Mas, qual desses dois trabalho deverá ser a medida do valor das mercadorias? O trabalho contido ou o trabalho comandado? Uma coisa é certa: com o conceito de trabalho comandado, Smith queria dar conta da troca entre capital e trabalho para mostrar como surge a mais-valia na sociedade capitalista. Mas, o seu raciocínio, neste particular, é tautológico. Com efeito, se se considerar que a mercadoria que o trabalhador recebe sob a forma de salário é a base explicativa do valor por ela comandado, este último (o valor comandado), para ser conhecido, exige que se conheça primeiro o valor da mercadoria recebida pelo trabalhador. Chega-se, assim, a uma proposição destituída de sentido: o valor depende do valor(10).
Adam Smith nada faz para sair desse círculo vicioso. Continua expondo a sua teoria do valor sem se importar com as seguidas contradições em que se envolve(11). De fato, no capítulo VII, em que trata do preço natural e do preço de mercado, ele volta a sustentar a tese anterior, segundo a qual as mercadorias são trocadas umas pelas outras na proporção do tempo de trabalho nelas inseridas e não pela quantidade de trabalho que podem comandar. Surgem, assim, duas teorias do valor: a do trabalho contido e a do trabalho comandado.

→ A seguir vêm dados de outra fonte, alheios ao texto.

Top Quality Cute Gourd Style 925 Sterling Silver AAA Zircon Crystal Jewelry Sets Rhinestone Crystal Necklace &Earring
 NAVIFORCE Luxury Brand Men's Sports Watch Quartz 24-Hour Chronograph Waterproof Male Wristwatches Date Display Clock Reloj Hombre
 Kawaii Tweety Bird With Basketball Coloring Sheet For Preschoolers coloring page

Para livrar a teoria de Smith destas contradições, Ricardo passa a sustentar que, tanto no estado de natureza, como na sociedade capitalista, o valor das mercadorias é determinado pelas quantidades de trabalho nelas inseridas. Noutras palavras, para ele é o conceito de trabalho contido e não o de trabalho comandado que deve ser afirmado na construção da teoria do valor.
Para sustentar que o trabalho contido nas mercadorias é a verdadeira medida do valor, Ricardo elabora o conceito de valor do trabalho. De acordo com este conceito, o valor do trabalho se mede como o de qualquer outra mercadoria: pelas quantidades de trabalho contidas nos meios de subsistência do trabalhador. Ora, se o trabalho é uma mercadoria como outra qualquer, a troca entre capital e trabalho obedece o mesmo princípio da troca das mercadorias em geral: troca se valor por valor, equivalente por equivalente. Conseqüentemente, a lei do valor vale tanto para o rude estado de natureza como para a sociedade capitalista.
Desse modo, Ricardo julga haver resolvido a contradição smithiana e demonstrado que o trabalho contido é a única e verdadeira medida do valor. E o que é mais importante: ao fazer do trabalho contido a única medida do valor, ele põe fim à falsa idéia, em parte defendida por Smith, de que o salário determina o preço das mercadorias. Rechaçar essa concepção foi o seu grande mérito, ao acabar de uma vez por todas com o dogma de que o valor é resultado de uma soma que acrescenta ao salário o lucro do capitalista e a renda do proprietário. Se o valor fosse resultado de uma simples soma não haveria limites para as classes participarem na apropriação do produto, já que cada uma dela poderia receber uma maior fatia simplesmente aumentando as parcelas que compõem essa soma. O sistema seria, assim, um sistema onde não haveria lugar para a luta de classes(12).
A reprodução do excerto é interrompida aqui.